For the reasons explained above, the court OVERRULES the demurrer to the 5th cause of action.
Conclusion
The court SUSTAINS the demurrer to the 4th cause of action and OVERRULES the demurer to the 5th cause of action. Because this is the first demurrer which the court has considered, the court grants Plaintiff leave to amend solely regarding the timeliness 4th cause of action. However, the remainder of the complaint, i.e., all causes of action except the 4th, are not affected and require no amendment. Plaintiff therefore need not amend the complaint as to any cause of action other than the 4th.

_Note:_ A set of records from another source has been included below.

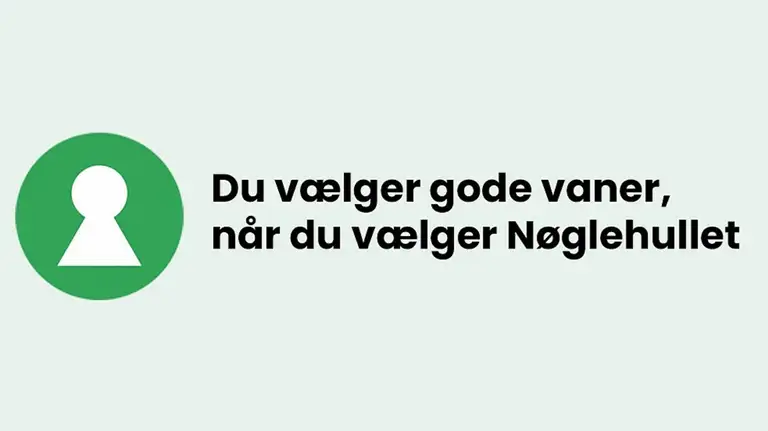 Nøglehulsslogo og tekst: Du vælger gode vaner, når du vælger Nøglehullet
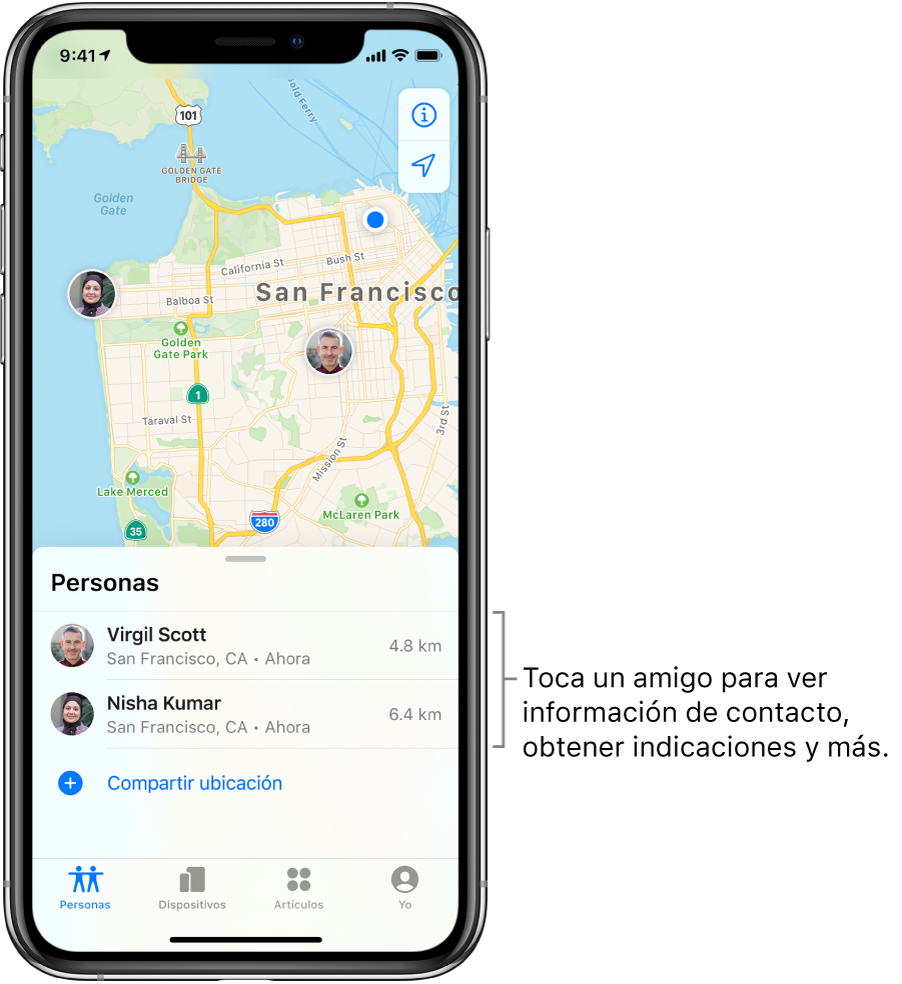 La pantalla Encontrar abierta mostrando la pestaña Personas. Se muestran dos amigos en la lista Personas. Vicente Sánchez y Núria Cavazos. Sus ubicaciones se muestran en un mapa de San Francisco.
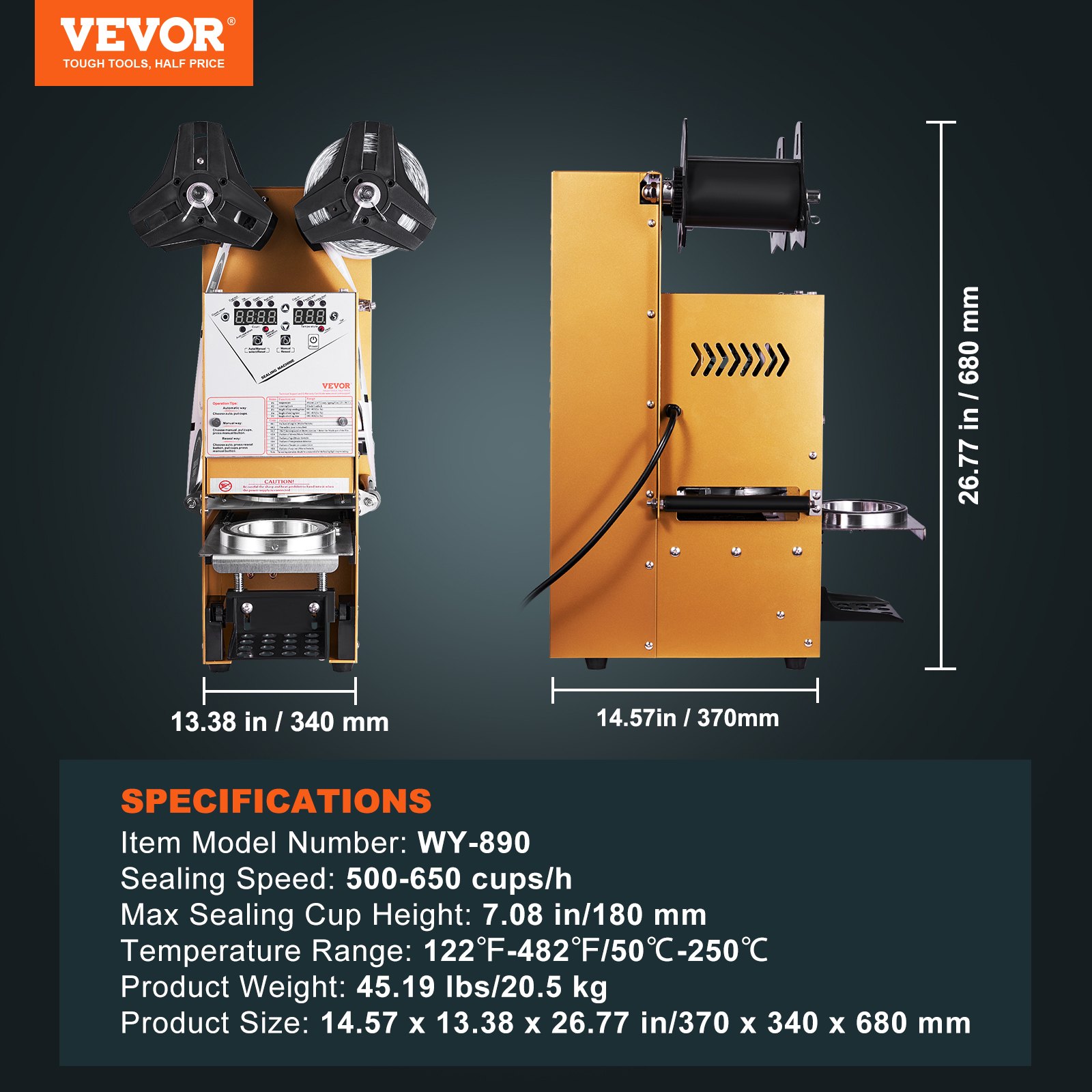 VEVOR Sigillatrice completamente automatica per tazze da tè 500-650 tazze/H 180 mm Oro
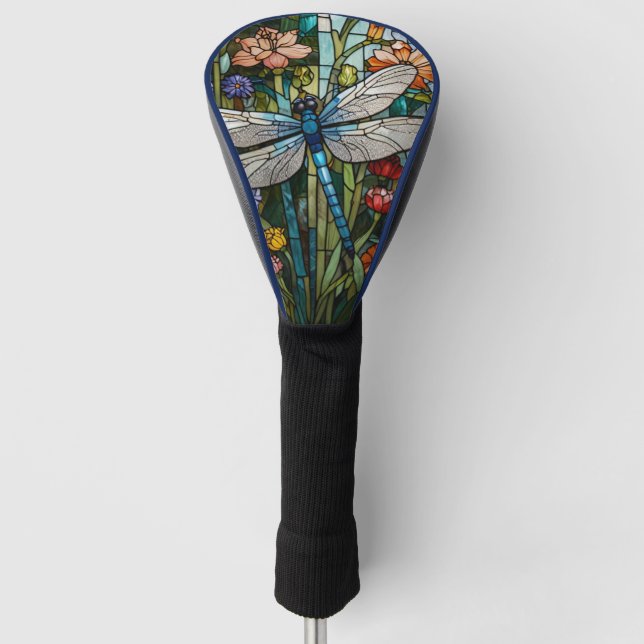 Couvre-club De Golf Vitrail botanique floral bohème libellule (Devant)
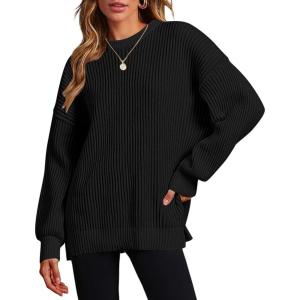 imageZeagoo Women 2024 Winter Oversized Sweater Crew Neck Long Sleeve Color Block Pullover Rib Knit Blouse Tops XS2XLAll Black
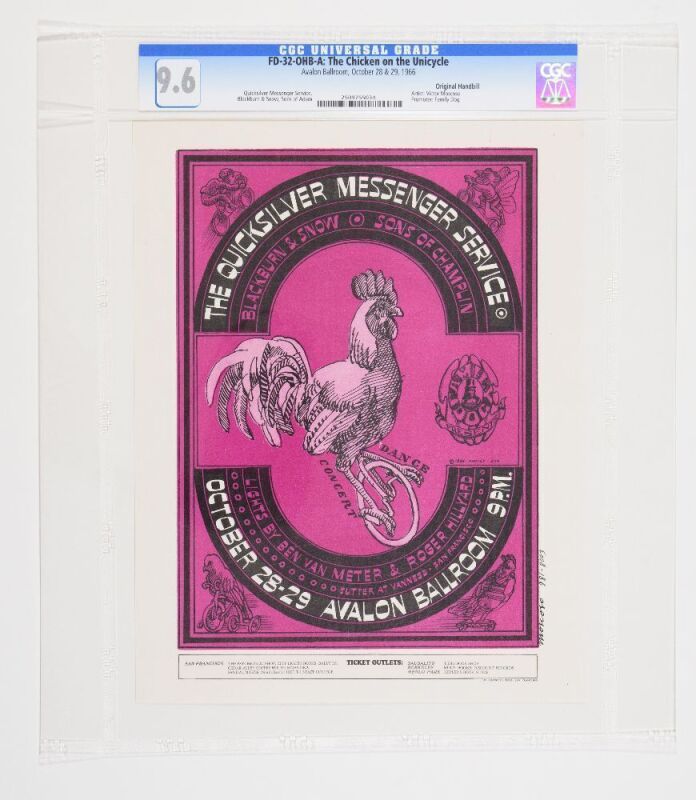 1966 FD-32 Quicksilver Messenger Service Avalon Ballroom Handbill CGC 9.6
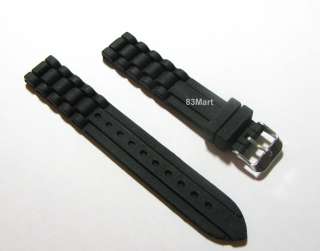 18mm Silicone Rubber Watch Band   Black  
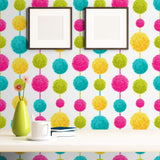 Yellow and Fuchsia Retro Teens Peel and Stick Removable Wallpaper 6125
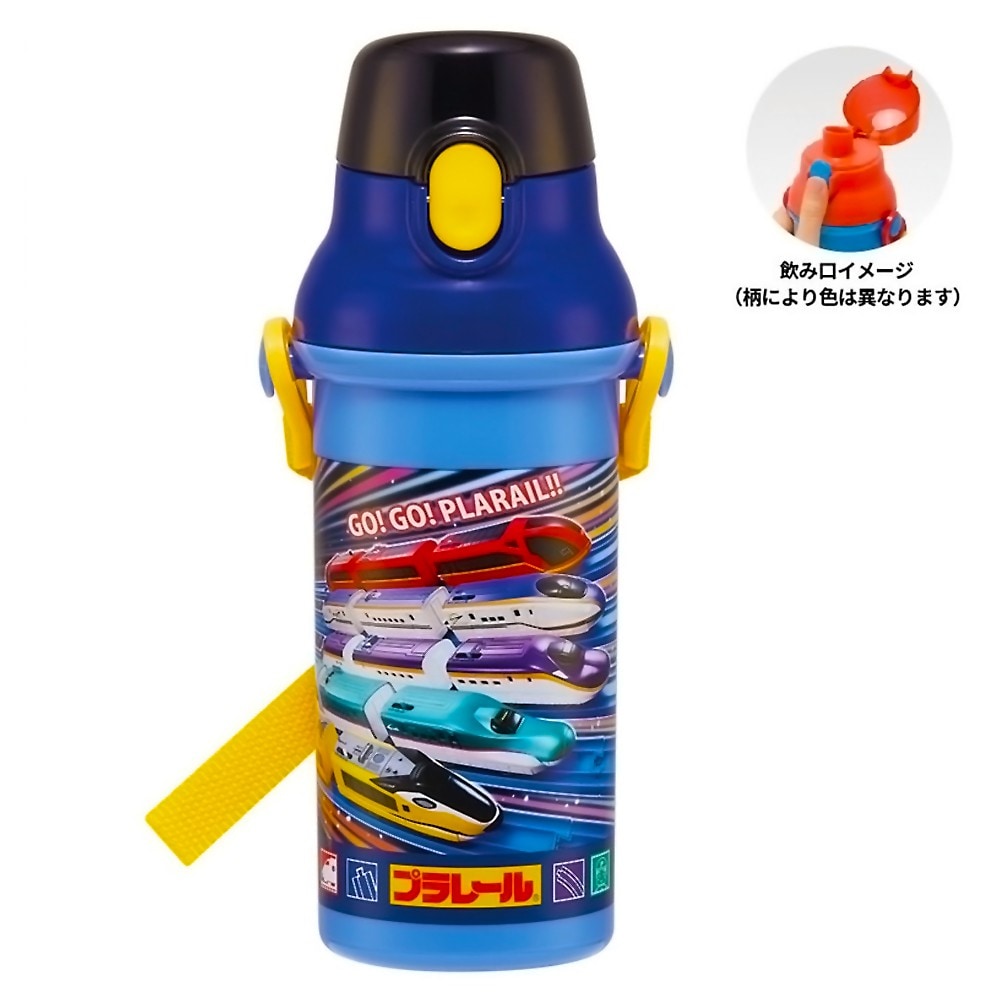 水筒 プラレール 25 直飲みプラワンタッチボトル SKATER スケーター 子供 ワンプッシュ式 容量480ml 食洗機対応 抗菌 超軽量 694059-PSB5SANAG ◆宅
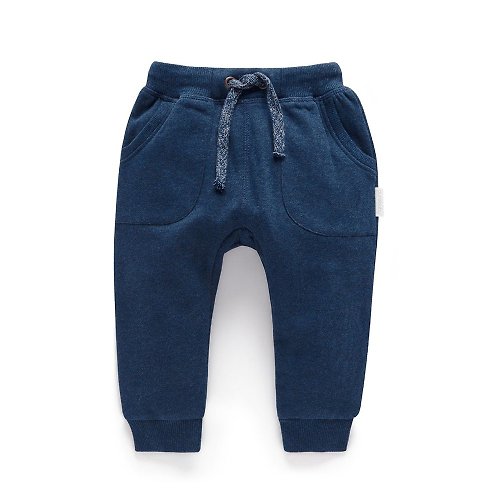 Purebaby有機棉 澳洲Purebaby有機棉男童休閒運動長褲 12M-4T 深藍色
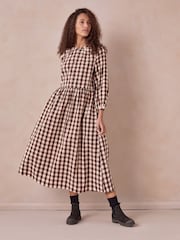 Celtic & Co. Brown Collarless Gingham Midi Dress - Image 3 of 9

Should Plaintiff not amend the allegations regarding the timeliness of the 4th cause of action, this will not affect the remainder of the complaint or other causes of action they will remain operative and at issue.
Plaintiff shall prepare and serve a proposed order consistent with this tentative ruling within five days of the date set for argument of this matter. Opposing party shall inform the preparing party of objections as to form, if any, or whether the form of order is approved, within five days of receipt of the proposed order. The preparing party shall submit the proposed order and any objections to the court in accordance with California Rules of Court, Rule 3.1312.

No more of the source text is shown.